Keep up the good work, seriously-looks good!


----------



## DSChief (Aug 15, 2013)

i thank you for the kind words, But you All must be used car salesmen , BS comes way too easy for you.


----------



## andre s (Aug 16, 2013)

If you're dissatisfied with your work, I would suggest a few rounds of finish sanding. As far as I can tell, the hard work / talented part of it is already done. In my mind, the rest of it is all about patience (nice thing about not trying to make a buck out of it). This part can be done while watching tv, smoking a pipe, listening to someone talk about their day...whatever. Point is, this part doesn't require as much focus, just look down and check your work every once in awhile: 
All by hand, I would use 120 grit paper until all the parts seem smooth and/or symmetrical from every angle. The nice thing with western handles is that they're much more forgiving when it comes to rounded and sinuous lines formed by "cushiony" hand sanding. You can trust your hand to feel how smooth it's getting without looking at the handle much. When you're happy with the basic geometry, go to 400 grit, then 600 and you can finish with 800. Slap on some watco's teak oil with a rag, wipe it down 45mins later, apply more teak oil, wipe it down for good 15mins later.
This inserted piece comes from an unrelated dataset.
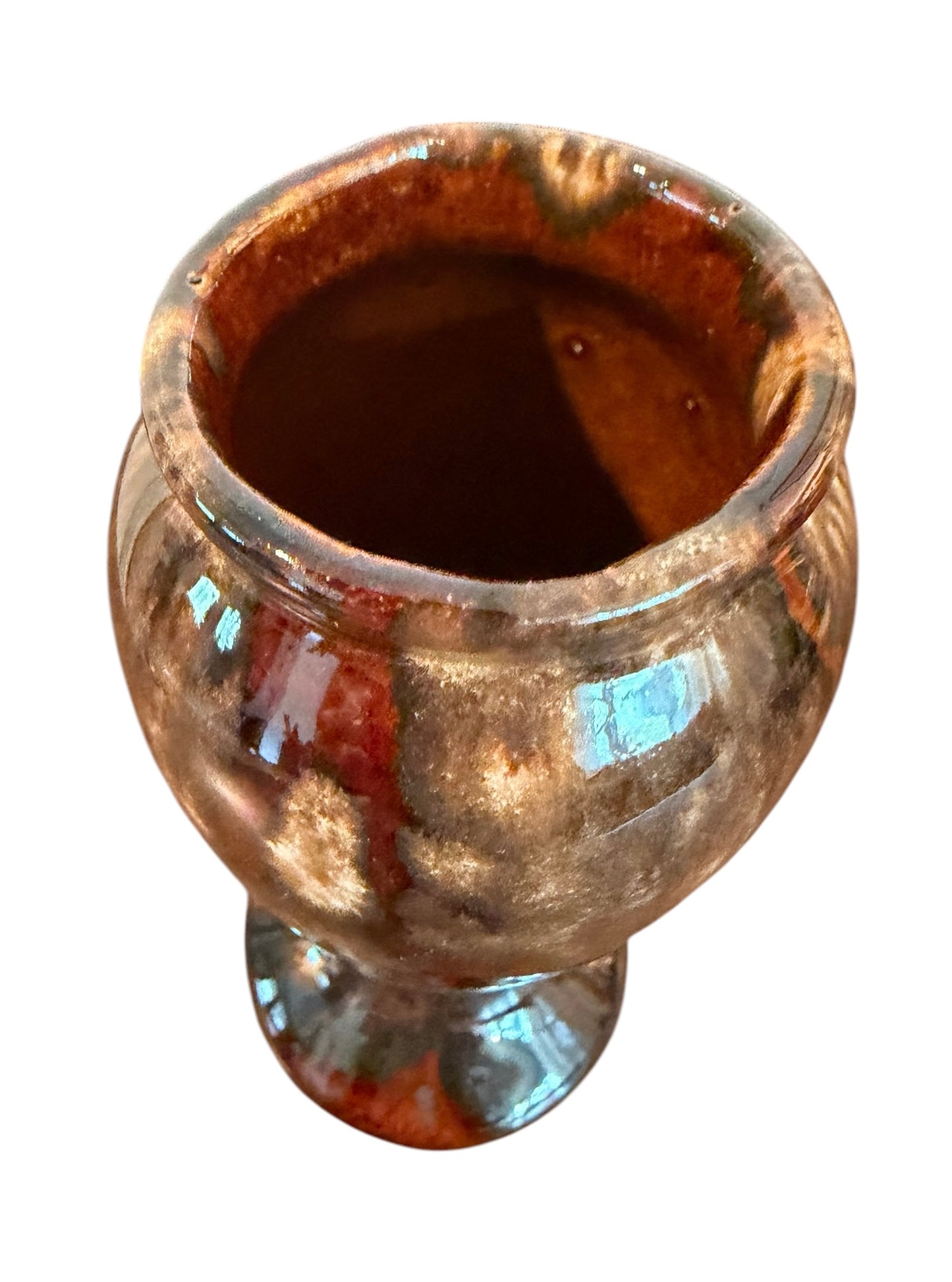 Brush McCoy Brown Onyx Vintage Vase #745 | 1930s Pottery | Mottled Drip Glaze Pedestal Vase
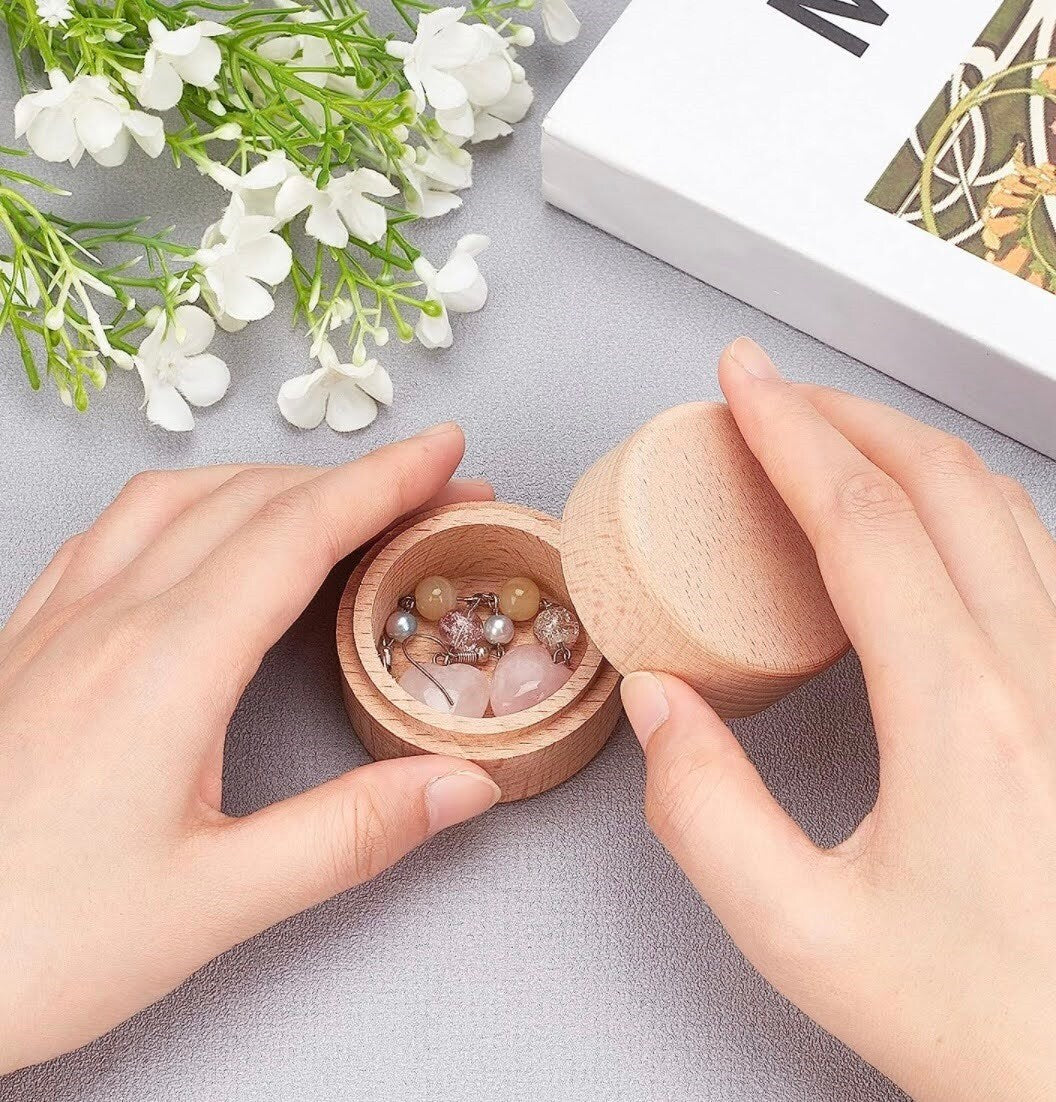 Personalized Jewelry Box Custom With Name Flowers Flower Round Circle Ring Box Pill Box Wood Wedding Favor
Let it dry for 24hrs and you're all set.
my :2cents:


----------



## Korin_Mari (Aug 16, 2013)

knyfeknerd said:


> You're totally screwed!
> Looks good, but you've just found your way down another rabbit hole that exists inside the KKF rabbit hole.
> I say in 3 months time you'll be sitting up till the wee hours of the mornin' looking at wood and selecting mosaic pins.
> Keep up the good work, seriously-looks good!



+1 LOL
Looks great!


----------